Zusätzlich werden von den bisherigen pandemiebedingten Sonderregelungen bis zum 30. Juni 2022 fortgeführt:

  • die Anrechnungsfreiheit von Minijobs auf das Kurzarbeitergeld,
  • die erhöhten Leistungssätze bei längerer Kurzarbeit und
  • der erleichterte Zugang zur Kurzarbeit
    • die Zahl der Beschäftigten, die vom Arbeitsausfall betroffen sein müssen, bleibt von mindestens einem Drittel auf mindestens 10 Prozent abgesenkt und
    • auf den Aufbau negativer Arbeitszeitsalden wird weiter vollständig verzichtet.

Die Sozialversicherungsbeiträge werden den Arbeitgebern nach dem 31. März 2022 weiter zur Hälfte erstattet, wenn die Kurzarbeit mit Qualifizierung verbunden wird.

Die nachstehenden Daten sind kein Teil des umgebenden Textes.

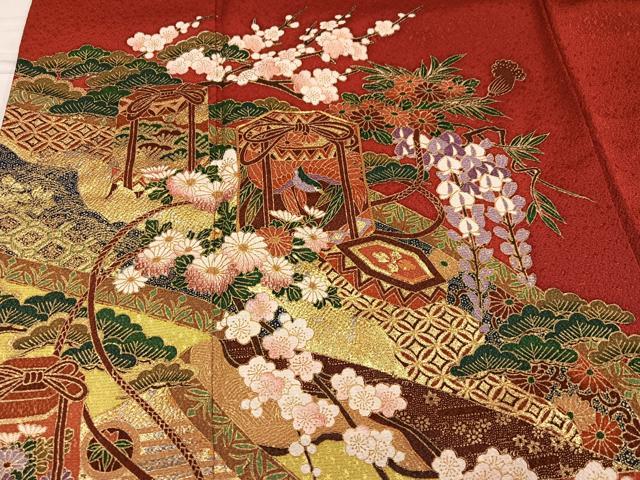 平和屋着物●豪華振袖・長襦袢(無双仕立て)セット 駒刺繍 貝桶群鶴草花文 金彩 正絹 逸品 AABF6059ph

Mit der Fortführung der Sonderregelungen beim Kurzarbeitergeld wird sichergestellt., dass Beschäftigungsverhältnisse auch im 2. Quartal stabilisiert sowie Arbeitslosigkeit und Insolvenzen vermieden werden können.

Mit der Kurzarbeit haben wir bisher Millionen Arbeitsplätze durch die Pandemie gerettet. Corona wirkt sich aber leider noch negativ aus. Die Beschäftigten und Betriebe der besonders hart getroffenen Branchen, etwa im Veranstaltungs- und Gastronomiebereich, können sich weiter auf den Arbeitsminister verlassen. Wir geben Planungssicherheit und verlängern die beschäftigungssichernde Brücke der Kurzarbeit weiter bis zum 30. Juni 2022. Wir erweitern die Möglichkeiten zur Nutzung von Kurzarbeitergeld von 24 auf bis zu 28 Monate und die Erhöhung des Kurzarbeitergeldes ab dem vierten und siebten Monat. So stellen wir sicher, dass die Beschäftigten ihre Arbeit behalten und die Unternehmen ihre Fachkräfte nicht verlieren, damit sie nach der Pandemie wieder durchstarten können. Das ist vorausschauende Arbeitsmarktpolitik.